Now, this does not mean that an official cannot make reference to her deeply held ethical or religious belief. It is an epistemic criterion, and by that, I mean that it is a criterion of accessibility. The state, when it justifies its laws, should appeal only to reasons that are epistemically accessible. Other people can understand them, even if they don’t agree with them, so they can be the object of public debate. If you put it that way, you can see that many religious views and ideas are not epistemically inaccessible. There are lots of things about religion that communicate meaning and can be understood. And you can also see that many non-religious ideas are epistemically inaccessible. So religion is not special in that sense. So that is my first criterion. The state is secular in so far as state officials do not appeal to epistemically inaccessible reasons. This is what I call justificatory secularism.
The second relevant feature of religion is that it can signal an identity that is socially divisive. When we think about what is wrong with a state enforcing and endorsing a religious identity – what’s wrong with the establishment of Christianity, Islam or Judaism by a state – it’s that it makes non-members of those religions into second-class citizens. If you live in a state that is openly Christian and you are not Christian yourself, then you might think you are not an equal citizen. So that is the second criterion, civic inclusiveness. These cases where the endorsement of one religion causes the people who do not belong to feel excluded, highlight a different dimension of religion, the dimension of religion which makes it a possibly divisive identity. Here religion is much like race or gender: the reason we don’t want a religious state is the same as the reason why we don’t want an ethnic state or an apartheid state. But of course, not all religions are socially divisive in that way. So this criterion, in a different way from the others, is a contingent, context-specific one. An example I often use is Senegal, a country with a 90 percent Muslim population. The state endorses symbols of Islam in its institutions. I don’t think that this is problematic because people in Senegal, including Christians and atheists, do not see Islam as a socially divisive identity. In that particular context, the endorsement of Islam by the state is fine. I have a different view of countries like Egypt and Turkey where religion is clearly politicized and you cannot really say religion is a non-divisive identity.

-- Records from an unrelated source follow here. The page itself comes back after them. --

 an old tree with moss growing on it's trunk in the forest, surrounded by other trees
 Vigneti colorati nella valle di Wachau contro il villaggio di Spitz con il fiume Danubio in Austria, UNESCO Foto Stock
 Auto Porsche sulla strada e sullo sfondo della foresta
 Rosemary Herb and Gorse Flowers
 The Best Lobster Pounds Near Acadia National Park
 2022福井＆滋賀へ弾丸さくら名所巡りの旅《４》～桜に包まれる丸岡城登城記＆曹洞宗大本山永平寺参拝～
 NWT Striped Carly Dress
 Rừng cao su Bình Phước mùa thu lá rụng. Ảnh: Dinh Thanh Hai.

A third reason we think the state should not enforce religion is that we believe that many religions seek to regulate the whole of our lives. They want to regulate what we eat, whom we sleep with, how we dress, what we do with our bodies and our lives. Now it’s perfectly fine for religions to do that. But a liberal would think it wrong for the state to endorse or enforce any of those particular religions because it forces one into living a comprehensive life, which is not the one you would have chosen for yourself. That is a very basic liberal idea of personal liberty. And here peeks out a third dimension of religion which is that religion is a comprehensive system of ethics. And again there are other comprehensive systems of ethics, religion is not the only one, but a liberal state is a non-comprehensive state. On the whole, a secular state would let people decide how they want to lead their lives.

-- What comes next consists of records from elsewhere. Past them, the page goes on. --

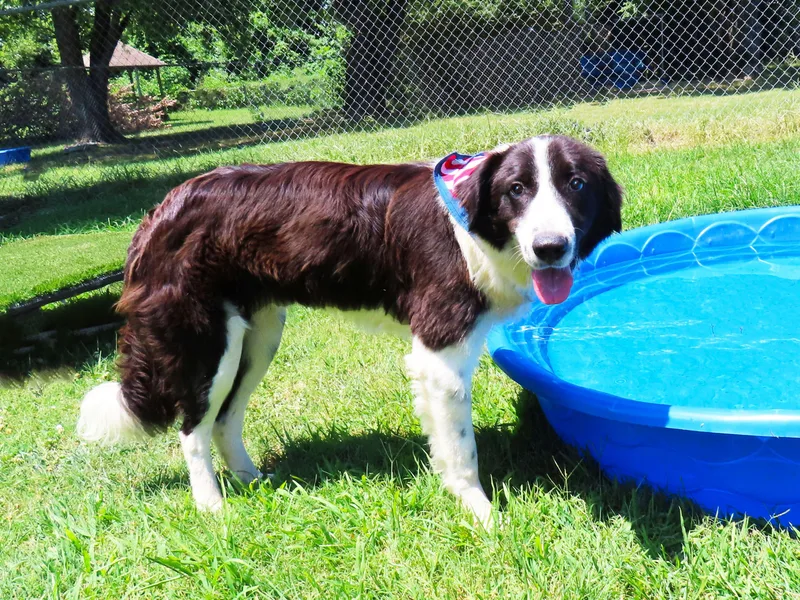 Benny C thumbnail 3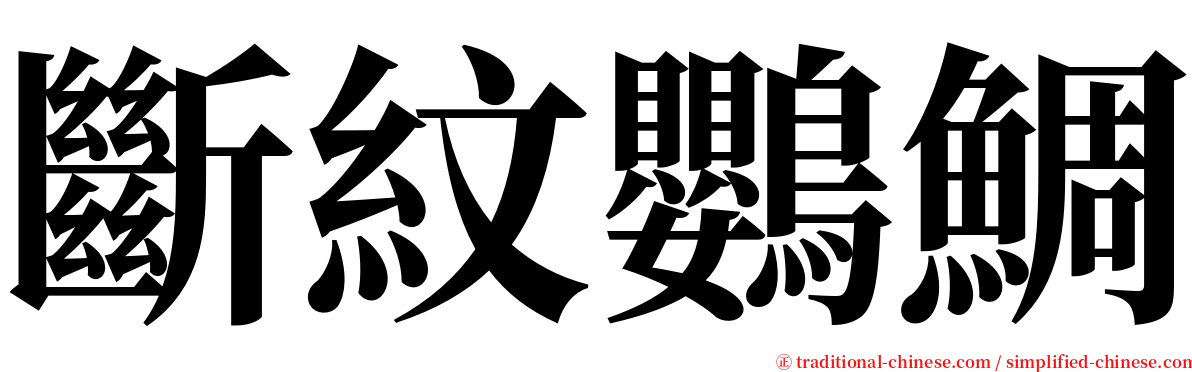 斷紋鸚鯛 serif font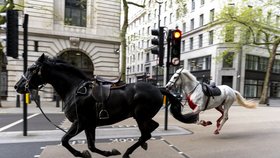 Koně britské kavalerie na útěku v Londýně (24.4.2024)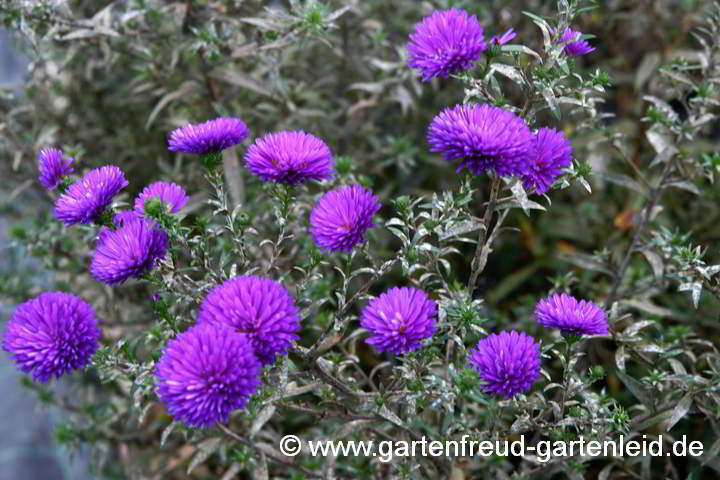 Echter Mehltau an Symphyotrichum novi-belgii (Glattblatt-Aster)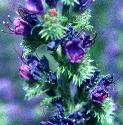 vipersfflosbugloss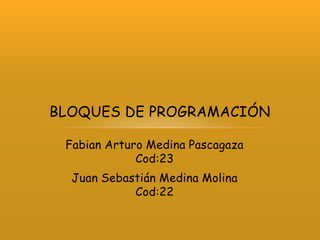 BLOQUES DE PROGRAMACIÓN

 Fabian Arturo Medina Pascagaza
             Cod:23
  Juan Sebastián Medina Molina
            Cod:22
 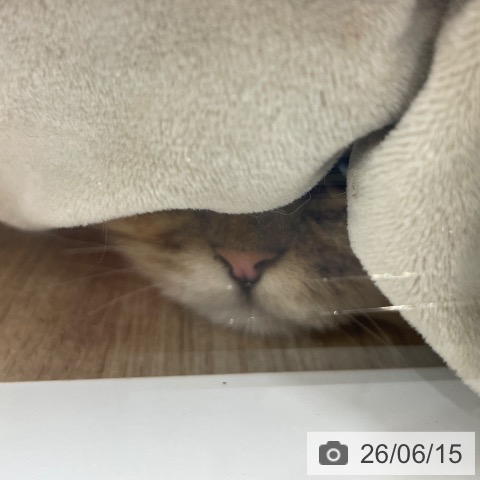 ペルシャの写真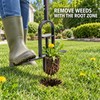 34 Inch Long Handle Grass Plugger Tool with 3 Inch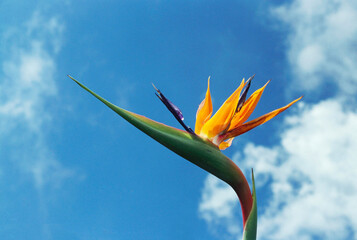 Obraz premium Strelitzia reginae bird of paradise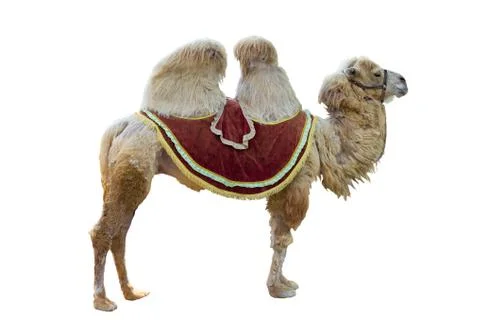 Bactrian camel Stock Photos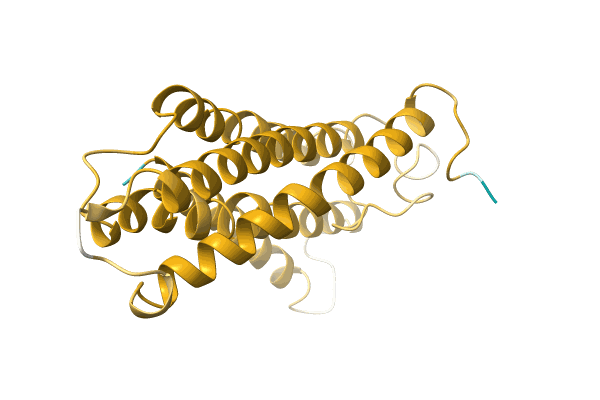 AF-A0A499MDC9-F1 image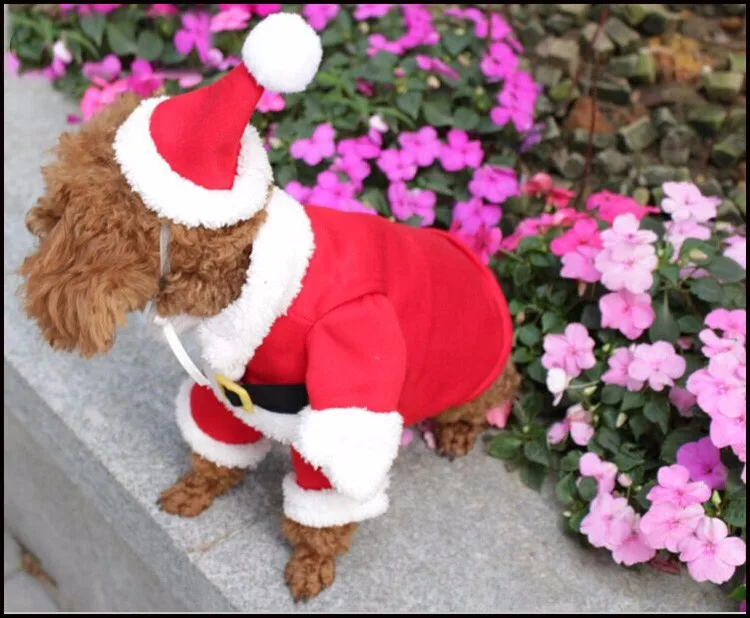 Apaulapet Рождественская собака одежда для домашних животных, котов; маскарадное платье зимняя одежда хлопковая флисовая одежда для собак Ropa Para костюм для собаки пальто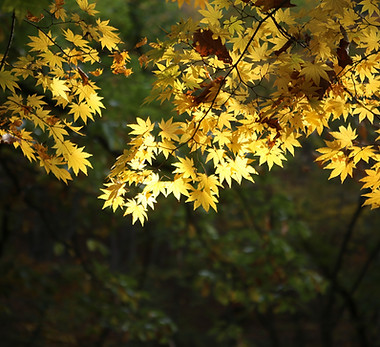 Leaves of Maple Tree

I will go to the last one, which is the most fundamental one. The state is secular, the fourth sense of secular, when it is non-theocratic. This idea, which may sound a bit simple or obvious, but it goes to the heart of secularism, has to do with sovereignty. Who has the final say in the state? Who decides what pertains to personal liberty, and what does not? Who decides on what goes where? The ultimate source of legitimacy in a democracy has to be the demos. There is no alternative unless you think we have to refer to the will of God. I don’t think of the demos as a general will, Rousseau style. It might be a pluralist demos, but in the end, the only way we can make decisions is together collectively and democratically.
AB: Veit Bader argued that the notion of ‘secularism’ or the ‘secular state’ should be replaced by ‘priority for liberal democracy (2007)’. Your disaggregation approach also seems to identify specific values a liberal state aims to protect. Why do you find it necessary to hold on to the notion of the secular?
CL: I believe our projects are not dissimilar. Like Veit Bader, I am trying to understand the normative logic of liberal institutions. But what I try to show is that at the heart of liberal constitutionalism there is a political-religious conflict. The western liberal state emerged out of the crucible of the European religious wars in the 17th century. To understand where we come from, and the kind of problems the liberal state has to solve, or thinks is trying to solve, we have to understand the concept of religion that for me underlies the very liberal democratic order. What Bader does is similar to the other theories I engage with in my book. Like other liberal egalitarians, such as Ronald Dworkin, Christopher Eisgruber and Lawrence Sager, and Charles Taylor and Jocelyn Maclure, he wants to dissolve religion into a broader category of the good. I want to do more disaggregative work. Like Bader, I think one should not say that ‘the state’ should separate itself from ‘religion’ in general. However, one should explain which dimensions of religion it should separate itself from.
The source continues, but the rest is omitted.